* _ACTION ITEM_
Return the listing below unchanged, but without pictures.

* _DATA_
- Opening Delimiter -

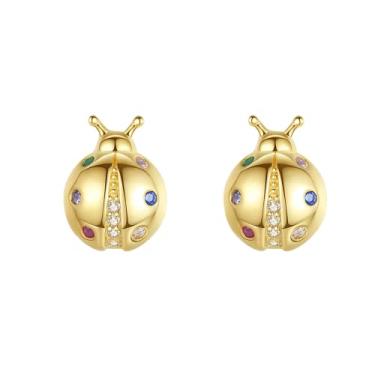 Imagem de Efashion Brincos de joaninha femininos banhados a ouro 14K estilo INS banhados a prata esterlina 925 com zircônia colorida, Small, Ouro amarelo, Zircônia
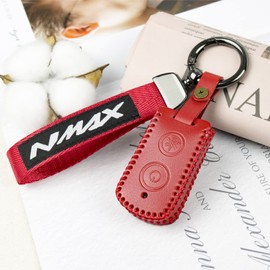 Fullibars Key case compatible with Nmax125 Nmax155 Xmax125 Xmax155 Xmax250 Xmax300 Aerox 155 key cover key fob, Red (Leather 02)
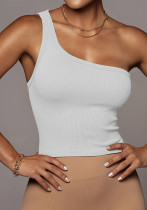 Summer Women's Slim Fit Crop Rib Top Trendy One Shoulder Sleeveless Camisole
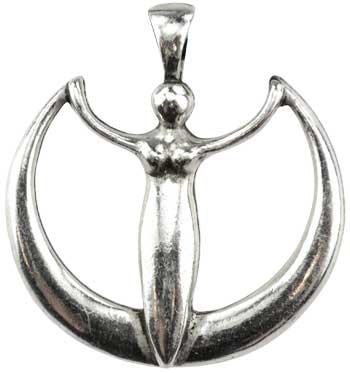 Silver pendant featuring a stylized human figure with outstretched arms, framed by crescent shapes,.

- Closing Delimiter -

* _YOUR SOLUTION_
 Imagem de Efashion Brincos de joaninha femininos banhados a ouro 14K estilo INS banhados a prata esterlina 925 com zircônia colorida, Small, Ouro amarelo, Zircônia
 Fullibars Key case compatible with Nmax125 Nmax155 Xmax125 Xmax155 Xmax250 Xmax300 Aerox 155 key cover key fob, Red (Leather 02)
 Summer Women's Slim Fit Crop Rib Top Trendy One Shoulder Sleeveless Camisole
 Silver pendant featuring a stylized human figure with outstretched arms, framed by crescent shapes,.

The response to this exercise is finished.